One station that is common to every platform is the main tactical map. This will be immediately familiar to players of Fleet Command or Sub Command and provides a overview of the area around you showing the location of everything your sensors have detected. Its worth noting that this map only shows the best guess based on your (or the autocrew's) analysis. As result unless you are prepared to do the work to classify the contacts the autocrew give you then this map will mostly look like a mess of possible contacts and random sensor bearing lines. If your doing well on the other hand you will be able to play this game almost entirely from this screen as from here it is possible to indirectly control most of the systems of the ship, albeit with less finess than is possible from the individual system stations. So if you see yourself more as captain Ramius than a sonar analyst this is where you will be sitting. On the other hand if sonar operator is your dream job then this is the sim for you. The variety of sonar options available is at first quite bewildering - many of the platforms have active sonar, broad- and narrow-band passive sonar, systems to intercept enemy active sonar and systems to identify targets from telltale frequencies or propeller types. The frigate and the aircraft also have sonobouys that can be deployed and then used to monitor passing vessels from a distance. Subs even have remote sonar sensors that can be fired from the torpedo tubes to check the area ahead before risking your ship.

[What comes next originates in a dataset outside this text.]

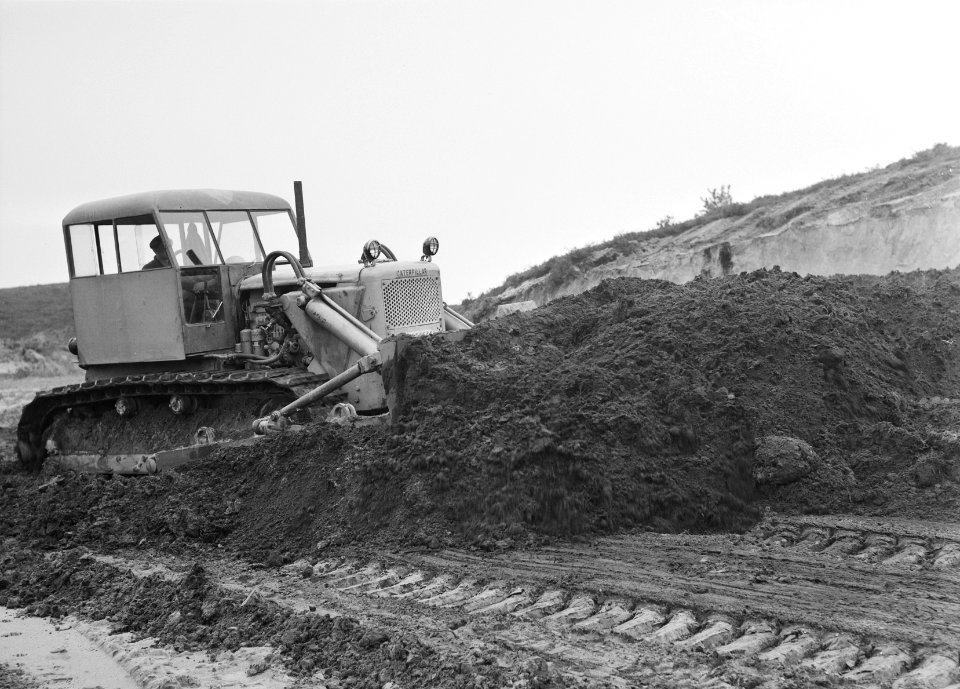 Ontginning, grondbewerking, egaliseren, bezanden, bulldozers, Bestanddeelnr 159-0228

As almost every platform has the ability to kill or disable and other platform with a single strike the emphasis of this game is predominantly on the sensor/intelligence war. If you can locate and engage your opponent before he can do the same to you then generally you get to sail home while he goes to Davy Jones's locker. As a result of this most of the game is not spent actually driving/flying the vessels - that is best left to the crew. Instead you will be glued to your passive sensor screens, trying to coax the signature of your enemy out of the background of water noises, merchant shipping and the occasional passing whale. The fact that the active sensors such as radar or active sonar have much shorter effective ranges than the intercept systems means that using one of these sensors prematurely often results in simply giving away your position. There are times that these are the correct tools but you have to be very sure that the information you will get outweighs the info you will concede. At every point in the game this balance has to guide your thinking. Do I attack that surface group now at long range with cruise missiles from my vertical launch tubes from a safe distance but risk missing due to inaccurate targeting information due to the long range or do I close and use torpedoes but risk detection and retaliation from any ship that survives.